It has long been postulated that VDACs play some role in the mitochondrial permeability transition and in the execution of a cell death pathway (Tsujimoto and Shimizu 2002). Based upon protein cross-linking studies, VDAC2 was found in interact with Bak, one of two multi-domain proapoptotic proteins of the Bcl-2 family (the other being Bax)(Cheng et al. 2003). Homozygous deficient ES cells were used to create Vdac2−/− murine embryonic fibroblasts to further characterize this interaction at a cellular level. VDAC2 is required for the correct import or retention of Bak in the mitochondrial outer membrane, where, in contrast to Bax, it is constitutively located ((Setoguchi et al. 2006) and unpublished results). Thus, VDAC2 appears to play a role in the regulation of apoptosis via its interaction with Bak. The role of VDACs in cytochrome c release remains controversial; cells lacking each isoform appear to undergo apoptosis in response to a variety of inducers, with a mildly accelerated course in the absence of VDAC2 (Cheng et al. 2003; Baines et al. 2007). Furthermore, induction of the permeability transition appears unperturbed by the absence of each VDAC isoform both in vivo and in cell culture. VDAC-deficient mitochondria and cells can carry out cytochrome c release, caspase cleavage and cell death in response to the pro-death Bcl-2 family members Bax and Bid that is indistinguishable from wildtype mitochondria. Thus, it appears that VDACs are dispensable for both the mitochondrial permeability transition and Bcl-2 family member-dependent cell death, however VDAC2 does play a role in the physiologic actions of Bak.
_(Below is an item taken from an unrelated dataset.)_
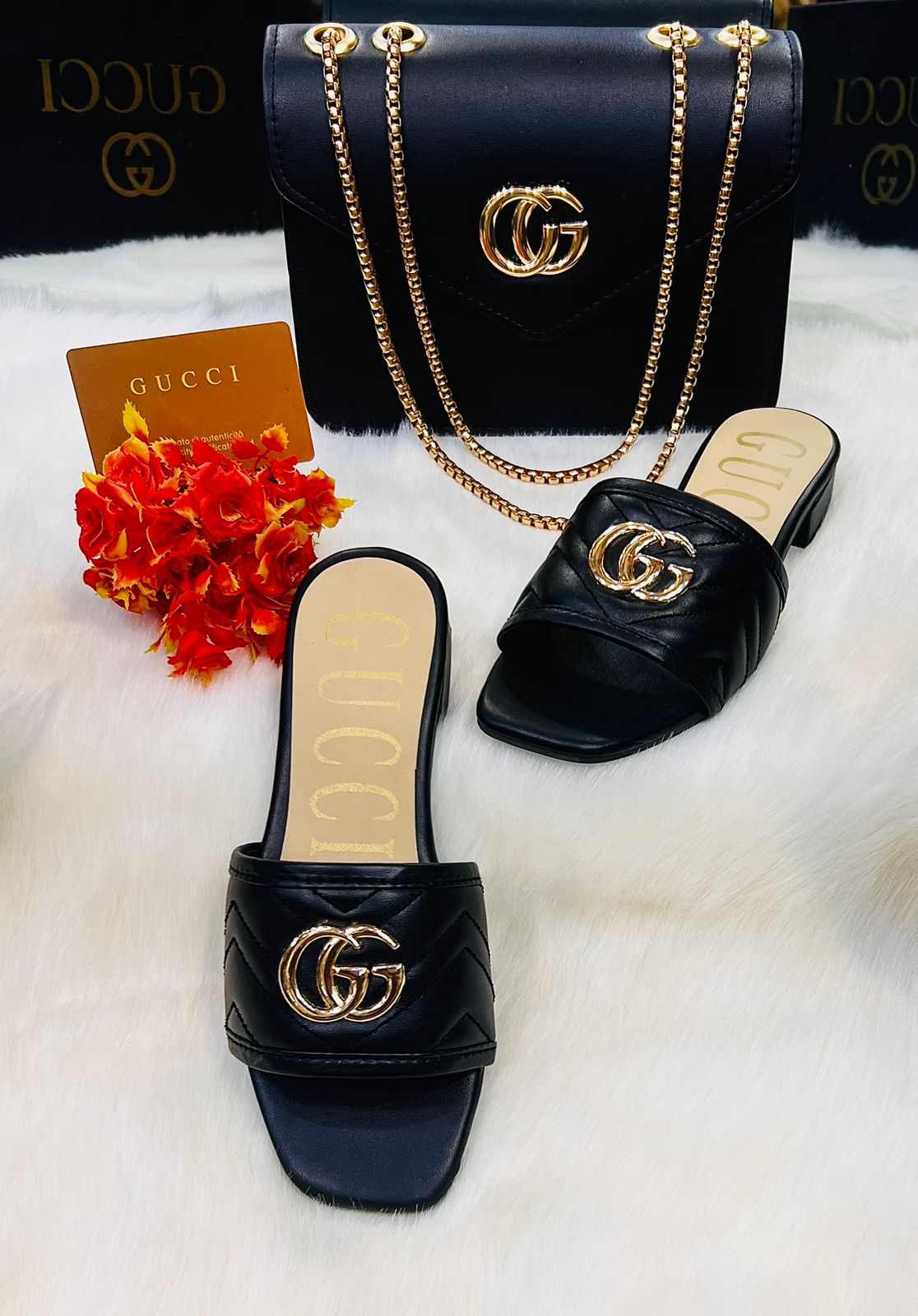 G'G Bag & Slipper Combo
ES cell lines heterozygous for each gene were used to generate chimeric mouse strains in order to begin to study the function of each VDAC gene based upon the phenotypes observed in the absence of each isoform. Following breeding of each chimeric strain, heterozygous and homozygous deficient mice were generated for both Vdac1 (Anflous et al. 2001) and Vdac3 (Sampson et al. 2001), however, a null allele of Vdac2 could not be transmitted through the male germ line, suggesting there is transmission distortion occurring at the Vdac2 locus, where there is exclusive transmission of the wildtype allele. This is a rare genetic phenomenon (Lyon 2003; Lyon 2005) and may be accounted for by several possible mechanisms that have yet to be explored. A conditional allele of Vdac2 using LoxP sites and Cre recombinase has subsequently been generated to allow for male germ line transmission and supports this observation (unpublished results).

VDAC mutant mouse phenotypes

Mice deficient for Vdac1 and Vdac3 have distinct phenotypes, with Vdac1−/− mice exhibiting partial embryonic lethality (Weeber et al. 2002), depending on the strain background. On a C57BL/6 background there is almost complete lethality, whereas when outcrossed to the more vigorous outbed strain CD-1 survival to weaning is approximately 70% of expected. In addition, Vdac1 deficient mice exhibit abnormal ETC activities and mitochondrial morphology in muscle (Anflous et al. 2001). While Vdac3−/− mice are born in the expected Mendelian proportion, the males demonstrate sperm motility defects leading to obstructive azoospermia and complete infertility, with the most common defect in the epididymal sperm axoneme being loss of a single microtubule doublet at a conserved position within the axoneme. In testicular sperm the defect was only rarely observed, suggesting that instability of a normally formed axoneme occurs with sperm maturation and that it is not due to a developmental assembly defect. Whether this reflects abnormalities in energy production, metabolite transport or a perturbation in structural components that are anchored to mitochondrial via VDAC3 remains unknown. Like Vdac1−/− mice, Vdac3−/− mice exhibit abnormal ETC activities and mitochondrial morphology in muscle (Sampson et al. 2001).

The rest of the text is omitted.